Chris Kresser: I’ve never seen patients more than three days a week, if I recall. I’m trying to remember back to the beginning. It’s possible I did three and a half days, but right from the beginning, I knew that I wanted to be a research-based clinician. I already had my blog and my podcast going, which is how I built my practice in the first place, and I knew I wanted to continue that. I just knew that I didn’t want to be a full-time clinician, so I, from the beginning, didn’t set up my practice that way. I think eight new patients was the maximum that I ever did with this case review model, and one of the benefits of the case review model is that because it’s more in depth than a typical new patient visit, you can charge a little bit more for it, and so you don’t have to take as many new patients to make ends meet. Certainly if you don’t have any other sources of income, like passive income, and you’re just starting out, you may want to work more than three days a week seeing patients. You may want to work four days or maybe even five days, although I wouldn’t recommend that if you do want to develop sources of passive income because then if you’re working five days a week with patients, you’re going to have very little time to develop that passive income and grow your practice. So I would strongly recommend limiting to four if you can.
In terms of number of new patients per day, again, if you’re just starting and you don’t have any established patients at all, you can take more than eight new patients because all of your time is going to be initially for new patients, but you have to make sure that you don’t take so many new patients at one time that the wait time for your established patients starts to become really long. I wish I had a formula for you for this, but it’s really kind of a trial-and-error process. I have found myself that for what I do now, which I’m down at this point to six days a month in the clinic, so I have every Tuesday and every other Thursday, and that’s kind of a minimum for me. And I’m not taking any new patients now, but previously when I was working eight days a month, which was every Tuesday and Thursday, I was doing six new patients a week. I would do three hours of new patients in the mornings on Tuesdays and Thursdays, so that would be six case reviews, and then my afternoons were for existing patients. I couldn’t do any more new patients than that because if I did, the wait time for existing patient follow-up appointments would be too long. It’s already probably a little too long, but I didn’t want it to get longer than that. Now that Amy is on board, though, that has helped a little bit because some of my new patients do follow-ups with her because they can schedule them a little bit sooner than they can with me.

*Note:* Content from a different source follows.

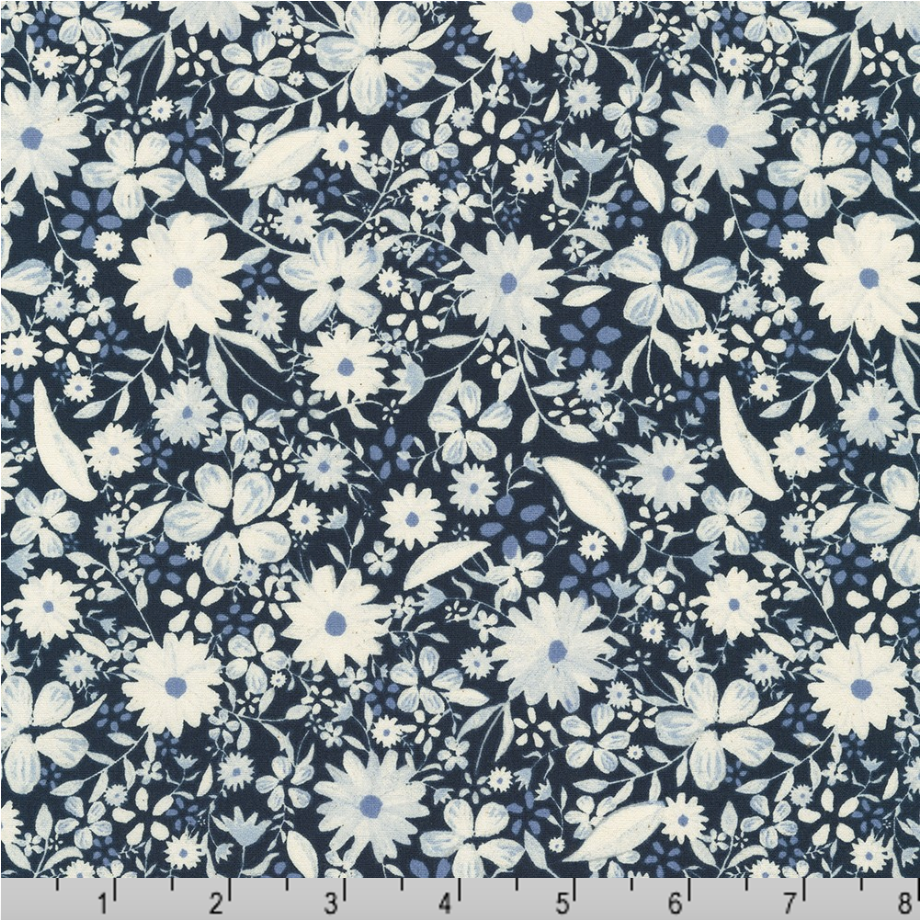 Sevenberry Grace - Flowers Navy Yardage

Amy, when she first started, her maximum patient hours per week was 24. She set that up, I think, by doing about three and a half days in the clinic so that she wasn’t doing three eight-hour days. And then, I think, she has mostly done about eight new patient visits a week, sometimes less and sometimes a little more, depending on the patient flow.
So, yes, it’s a very different model than conventional medicine. You’ll be seeing fewer new patients, and you’ll also be seeing fewer established patients because, I think, it’s pretty hard to get much done in a 15-minute follow-up appointment. I used to do them, but I stopped doing them because I just felt like it was not enough time to have a productive appointment.